An exact copy of every line from the one holding "Pilze vermitteln Planer" to the end of the entries below is required; leave the pictures out.

[Entries taken from a collection]
═══

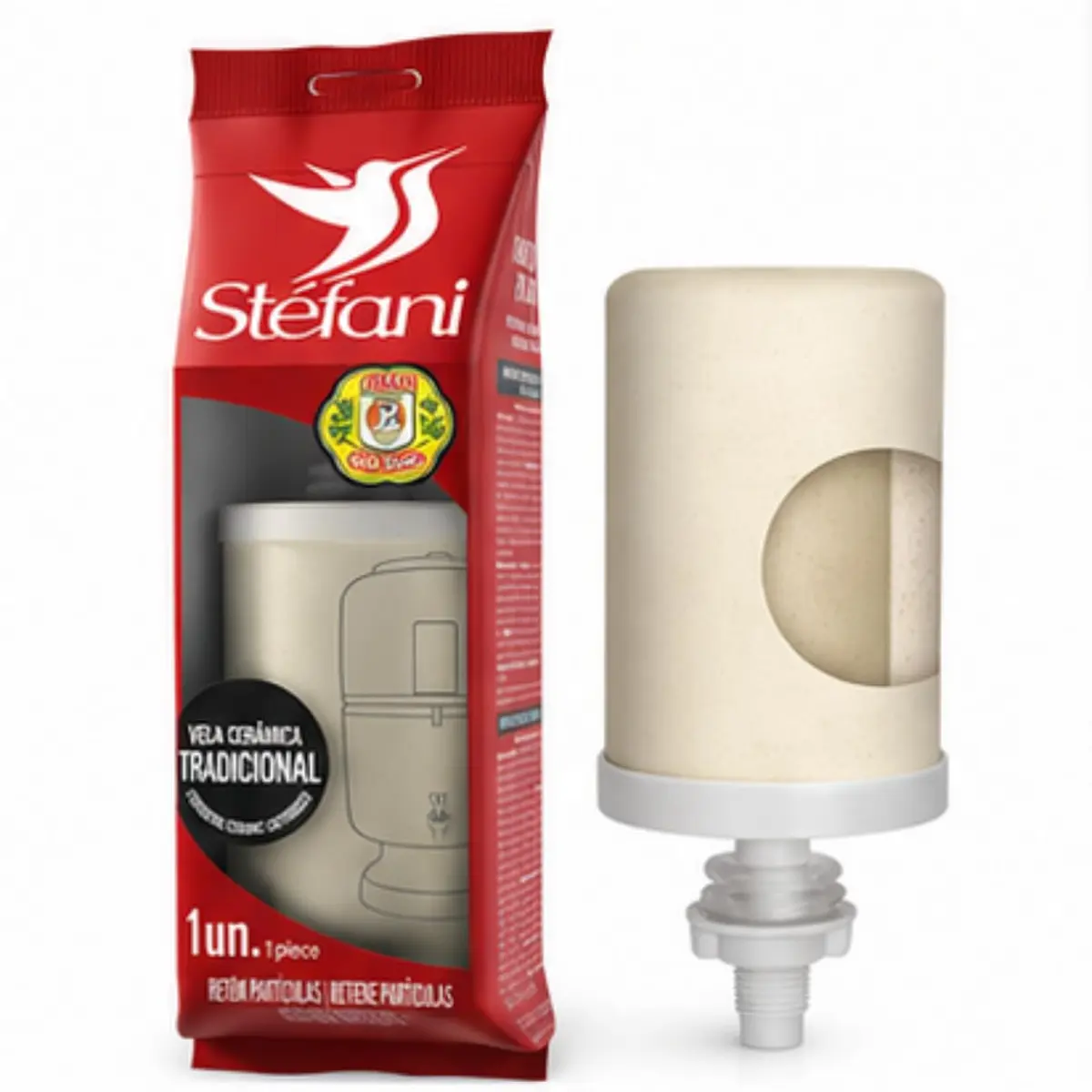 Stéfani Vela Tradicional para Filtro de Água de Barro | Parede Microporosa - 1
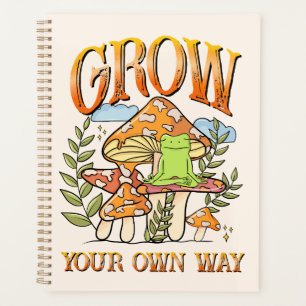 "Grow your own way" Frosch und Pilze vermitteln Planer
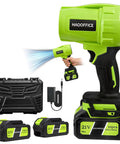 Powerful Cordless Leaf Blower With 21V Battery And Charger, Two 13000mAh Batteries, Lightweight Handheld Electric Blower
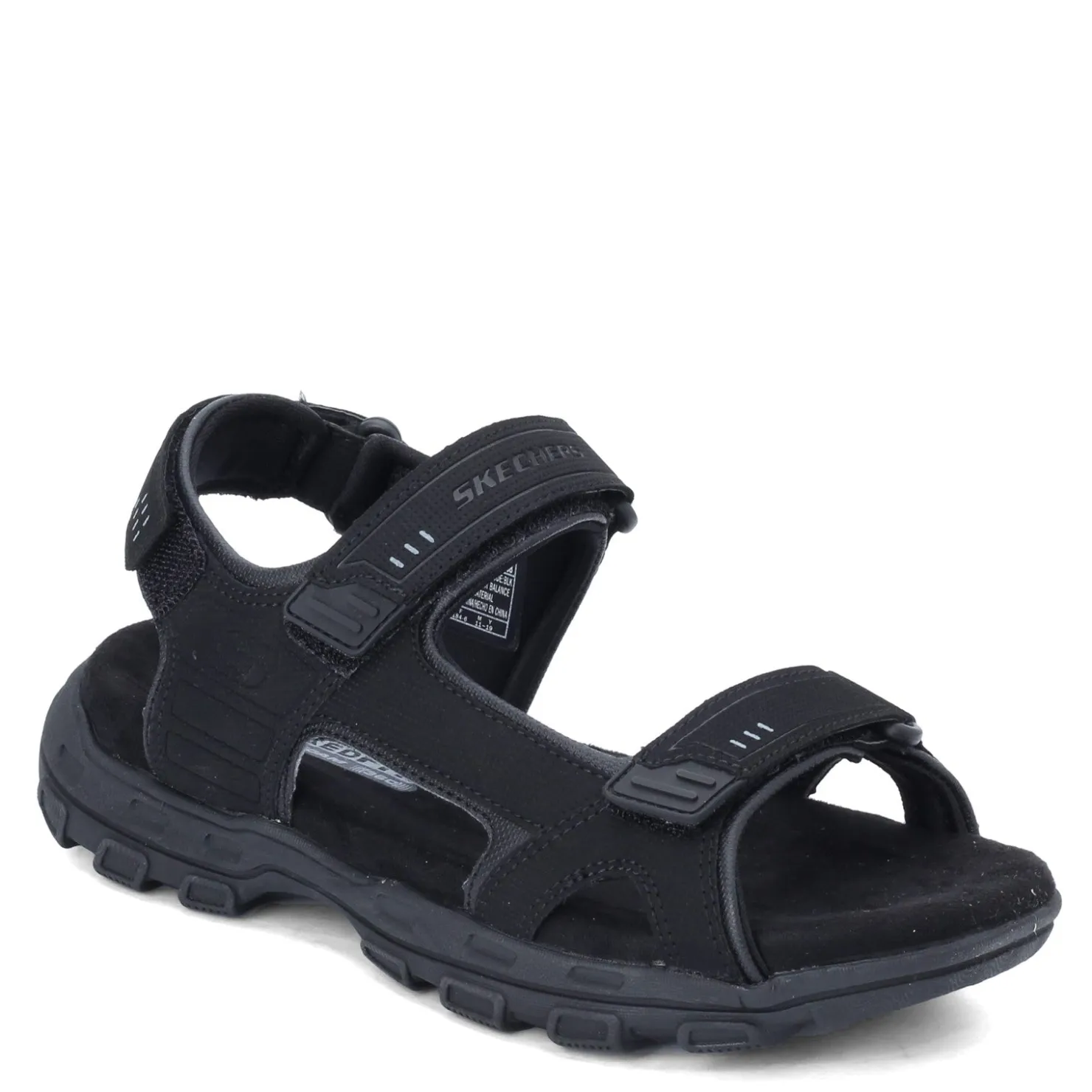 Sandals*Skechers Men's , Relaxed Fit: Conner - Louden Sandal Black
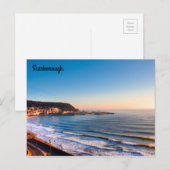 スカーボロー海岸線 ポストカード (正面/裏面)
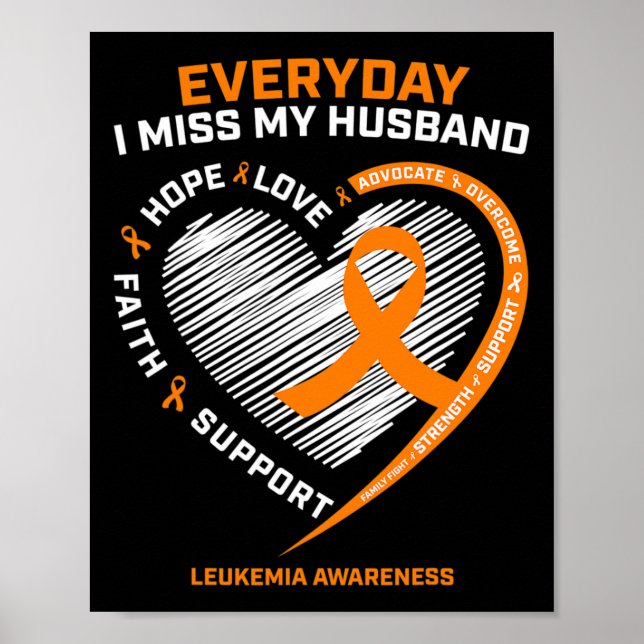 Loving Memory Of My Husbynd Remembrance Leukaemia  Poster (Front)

═══

▸ **WRITTEN SOLUTION**:
 "Grow your own way" Frosch und Pilze vermitteln Planer
 Powerful Cordless Leaf Blower With 21V Battery And Charger, Two 13000mAh Batteries, Lightweight Handheld Electric Blower
 Sandals*Skechers Men's , Relaxed Fit: Conner - Louden Sandal Black
 スカーボロー海岸線 ポストカード (正面/裏面)
 Loving Memory Of My Husbynd Remembrance Leukaemia  Poster (Front)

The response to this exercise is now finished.